Meanwhile, with maximum ranges about a third less than its competitors and the capacity to carry only about three-quarters of the weight of passengers and cargo, the C919 will be looking a generation out of date. Given it’s largely made of parts from conventional suppliers such as Honeywell International Inc. and General Electric Co., it’s going to be supremely challenging for Comac to find the cost savings necessary to undercut Boeing and Airbus outside China, where airlines will be more or less obliged to support the homegrown hero.

As George Ferguson and Francois Duflot of Bloomberg Intelligence wrote this week, all this means that rumors of an outright Chinese ban on the 737 Max are more likely to be posturing than serious proposals. At some point, the successors to the C919 may pose a formidable threat to Boeing and Airbus. For the next decade, though, the incumbents need not fret.

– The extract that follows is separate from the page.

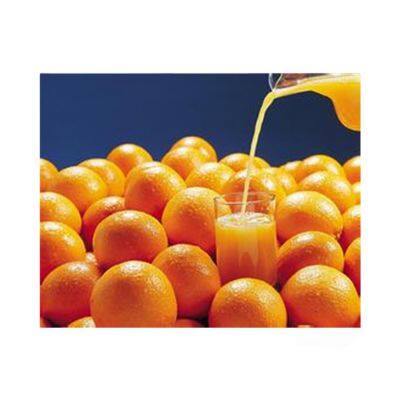 Малогабаритный апельсиновый соковыжиматель с полным набором функций на базе ПЛК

Source :. https://www.bloomberg.com/opinion/a...-plane-isn-t-ready-to-challenge-boeing-airbus

I hate to break it to you, but the C919 isn't just flying, it is on track for certification by next year and has already received 1000+ orders. And that is for an unproven aircraft from an unproven manufacturer. What do you think its order book is going to look like once it gets certified and enters mass production?

The Boeing 737 first flew on 9 Apr 1967.
The Airbus 320 first flew on 22 Feb 1987. It is a 20 year newer design than Boeing's.
Airbus (as of 31 Dec 2018) had 6576 orders for its A320 compared to Boeing which had 4763 orders for its 737.

The Comac C919 first flew on 5 May 2017. It is a 50 year newer design than Boeing's. Think about that for a while.
It is also a 30 year newer design than Airbus's.

This is the reason why both Boeing and Airbus rushed to re-engine their planes because their aircraft are inferior compared to the newer designs like C919, MS-21 and Bombardier CS300.

China has a domestic market that will purchase 7000 or 9000 planes in the next 20 years (depending on whether you believe Airbus or Comac). The business is worth $ 1 trillion - 1.3 trillion.

Do you seriously expect Comac to not get the lion's share from out of this demand? After the decades of effort and tens of billions of dollars that China has spent building Comac and developing the C919 and C929?

Do you seriously expect the C919 to not sell in the international market?